Впрочем, вру. Этот вопрос волновал Кира, которому пришлось выпустить из плена мою руку, для того чтобы откупорить бутылку вина. Ему же выпало наполнять бокалы всех окружающих его дам, включая улыбчивую горничную Бетти и ещё более улыбчивую повариху Кэт.
Первый тост тоже Кир произносил. С очень умным видом поведал о невероятно важном значении праздника, чьё пришествие гласит — весна непременно наступит, потому что именно в эту, самую длинную ночь года злой белый дух подхватывает саквояж и позорно сбегает от всепоглощающего гнева Богини… Бежит он, разумеется, в четвёртый мир, где обитает нечисть всех мастей и где белому духу самое место. И раз так, то нам надлежит славить создателей и радоваться как можно громче, ибо такова традиция.
За это и выпили.
После чего боевик с явным облегчением опустился на стул, вновь поймал мою ладошку и расплылся в невероятно довольной улыбке.
Ужин проходил очень весело. Звон бокалов, байки, по части которых больше всех отличались начальник замковой стражи и госпожа Вента, задорный смех и снова звон. Большая столовая, где происходило пиршество, была озарена доброй сотней фонариков, и их свет казался чем-то невероятным, поистине волшебным.
Я никогда не встречала день середины зимы вот так — в таком кругу и в столь непринуждённой обстановке. У нас, в Верилии, традиции, разумеется, тоже чтили, но… отец бы ни за что не стал наливать вина поварихе, а Рид ни за какие коврижки не принялся бы обмениваться байками со стражниками. И дело не в высокомерии, просто… ну просто не стали бы, и всё.
Конец ужина ознаменовали аккорды задорной народной мелодии, донёсшиеся из соседнего зала, где была установлена ель — символ этого дня. Сказители и хранители легенд уверяли, что это дерево — суть та же нить, что связывает семь миров. Мол, именно по такой ёлке злой белый дух удирает в четвёртый мир, к нечисти…
Почему сказители считали дерево подобным нити? А тролль их разберёт. В легендах всегда много неясного, и чем легенды древней, тем неясностей больше.
Музыка, разумеется, не сама собой появилась. Это приглашённый госпожой Вентой оркестр через портал пришёл — для них нарочно разрешающую метку оставляли, чтобы караульного у магического круга не держать.

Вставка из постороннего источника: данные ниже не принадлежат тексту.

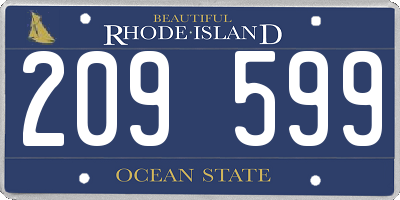 RI license plate 209599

Оркестр не иначе как столичным был — уж слишком лица холёные, и камзолы ну очень дорогие. Четыре скрипача, два флейтиста, два виолончелиста и дирижёр — куда ж без него. Мужчины расположились полукругом, играли в пустом зале… Правда, пустовал он недолго. Заслышав музыку, замковая челядь повскакивала из-за стола и рванула в зал. Ну и мы с Киром и госпожой Вентой за ними.
Сорвав первые, очень бурные аплодисменты, музыканты заиграли знакомый контрданс — «Она ждала снег». Мы с синеглазым остаться в стороне не могли. Вернее, он-то мог, а я… я же полгода не танцевала!
Мы пристроились в хвосте колонны и… всё. Мир снова перестал существовать.
Моя ладонь в его руке. Поворот. Реверанс. Сближение.
Три шага назад. Бешеное сопротивление — Кир ладошку отпускать не хочет.
Ещё один поворот. Проходим мимо следующей пары, чтобы опять повернуться друг к другу и, сделав три шага навстречу, соединить руки.
Да, я помню, что зима, но дохлый тролль, я трели соловья слышу! И аромат роз вместо запаха хвои. И… нет, мне определённо к лекарю-мозгоправу нужно. Когда Кирстен, который на похожий недуг жалуется, соблаговолит, напрошусь вместе с ним…
А потом был вальс. Не дурборский, от которого весь верилийский свет стонет, а классический. Извечное раз-два-три совсем голову вскружило. Я даже помыслить не могла, что от танца можно получать такое удовольствие. Видимо, правы те, кто утверждает, что всё зависит от партнёра.
Счастье? Нет. Это нечто несоизмеримо большее. Нечто, что невозможно описать словами, объять или понять. Как будто все семь миров на твоей ладони. Будто все-все звёзды небосклона у твоих ног. Словно само солнце обратило на тебя свой взор, или… ты и есть солнце?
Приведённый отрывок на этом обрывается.